--- What to do ---
Where a picture appears, leave it out, and print the rest of the records as they are.

--- Information shown ---
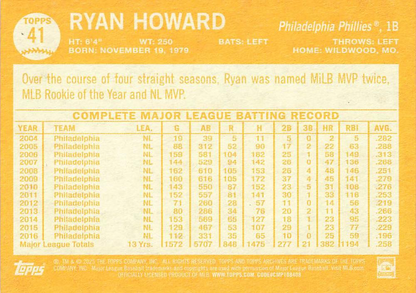 2025 Topps Archives Ryan Howard #41 Philadelphia Phillies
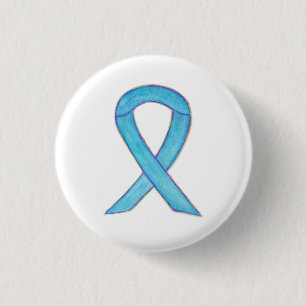 Light Blue Awareness Ribbon Custom Art Button Butt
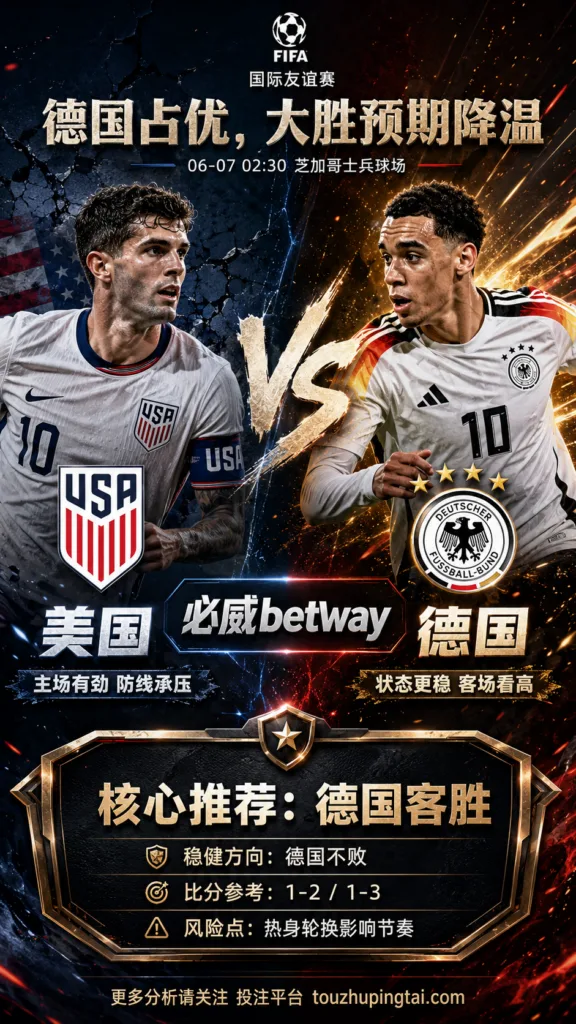国际友谊赛前瞻 美国 VS 德国：德国热度占优但阵容变动压低大胜预期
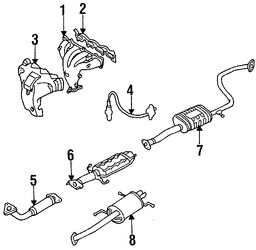 Foto de M�ltiple de Escape Original para Kia Sephia 1994 1995 Marca KIA N�mero de Parte MB67K13450A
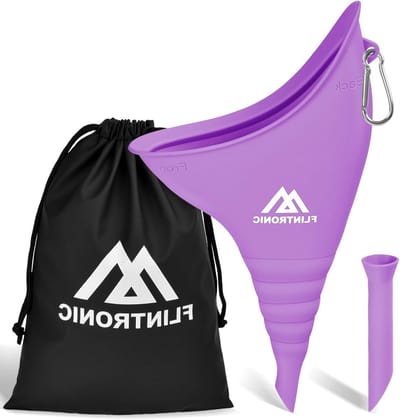Vrouwelijk urinatietoestel in paars silicone, ideaal voor onderweg en festivals, eenvoudig in gebruik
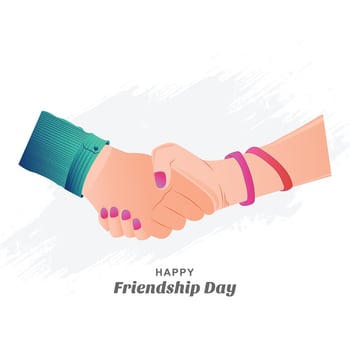 Friendship day with holding promise hand background vector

--- Answer to this problem ---
 2025 Topps Archives Ryan Howard #41 Philadelphia Phillies
 Light Blue Awareness Ribbon Custom Art Button Butt
国际友谊赛前瞻 美国 VS 德国：德国热度占优但阵容变动压低大胜预期
 Foto de M�ltiple de Escape Original para Kia Sephia 1994 1995 Marca KIA N�mero de Parte MB67K13450A
Vrouwelijk urinatietoestel in paars silicone, ideaal voor onderweg en festivals, eenvoudig in gebruik
 Friendship day with holding promise hand background vector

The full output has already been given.